◆ Exercise objective: Through the last line of the material below, starting at the line with "this 940×625 image.", return every line exactly and only those.

◆ Stored data:
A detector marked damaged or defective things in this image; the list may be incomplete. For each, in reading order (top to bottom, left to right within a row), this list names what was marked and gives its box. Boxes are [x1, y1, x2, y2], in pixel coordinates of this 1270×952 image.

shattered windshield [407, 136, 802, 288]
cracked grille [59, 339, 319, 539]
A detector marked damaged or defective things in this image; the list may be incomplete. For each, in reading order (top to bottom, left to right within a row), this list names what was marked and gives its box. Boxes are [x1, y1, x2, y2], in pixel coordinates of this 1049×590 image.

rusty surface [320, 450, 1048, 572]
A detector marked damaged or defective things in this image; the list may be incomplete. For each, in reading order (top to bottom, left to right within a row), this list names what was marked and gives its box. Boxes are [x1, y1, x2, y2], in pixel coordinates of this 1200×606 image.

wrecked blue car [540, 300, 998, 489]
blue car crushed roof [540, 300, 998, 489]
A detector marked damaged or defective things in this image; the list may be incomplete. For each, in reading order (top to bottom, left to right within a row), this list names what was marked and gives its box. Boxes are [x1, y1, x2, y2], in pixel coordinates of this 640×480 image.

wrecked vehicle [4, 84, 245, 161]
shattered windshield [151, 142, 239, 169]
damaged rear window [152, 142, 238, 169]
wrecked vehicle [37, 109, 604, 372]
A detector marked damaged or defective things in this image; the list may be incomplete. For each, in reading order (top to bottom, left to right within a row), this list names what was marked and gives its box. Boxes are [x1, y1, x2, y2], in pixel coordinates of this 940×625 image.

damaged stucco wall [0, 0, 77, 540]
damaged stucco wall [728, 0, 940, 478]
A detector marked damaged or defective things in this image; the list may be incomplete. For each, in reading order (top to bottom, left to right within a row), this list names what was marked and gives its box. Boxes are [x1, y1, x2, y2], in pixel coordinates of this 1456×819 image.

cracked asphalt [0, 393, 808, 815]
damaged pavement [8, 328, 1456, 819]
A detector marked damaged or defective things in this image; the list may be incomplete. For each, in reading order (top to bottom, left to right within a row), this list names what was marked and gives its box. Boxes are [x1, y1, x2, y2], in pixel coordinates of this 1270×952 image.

◆ Finished task:
A detector marked damaged or defective things in this image; the list may be incomplete. For each, in reading order (top to bottom, left to right within a row), this list names what was marked and gives its box. Boxes are [x1, y1, x2, y2], in pixel coordinates of this 940×625 image.

damaged stucco wall [0, 0, 77, 540]
damaged stucco wall [728, 0, 940, 478]
A detector marked damaged or defective things in this image; the list may be incomplete. For each, in reading order (top to bottom, left to right within a row), this list names what was marked and gives its box. Boxes are [x1, y1, x2, y2], in pixel coordinates of this 1456×819 image.

cracked asphalt [0, 393, 808, 815]
damaged pavement [8, 328, 1456, 819]
A detector marked damaged or defective things in this image; the list may be incomplete. For each, in reading order (top to bottom, left to right within a row), this list names what was marked and gives its box. Boxes are [x1, y1, x2, y2], in pixel coordinates of this 1270×952 image.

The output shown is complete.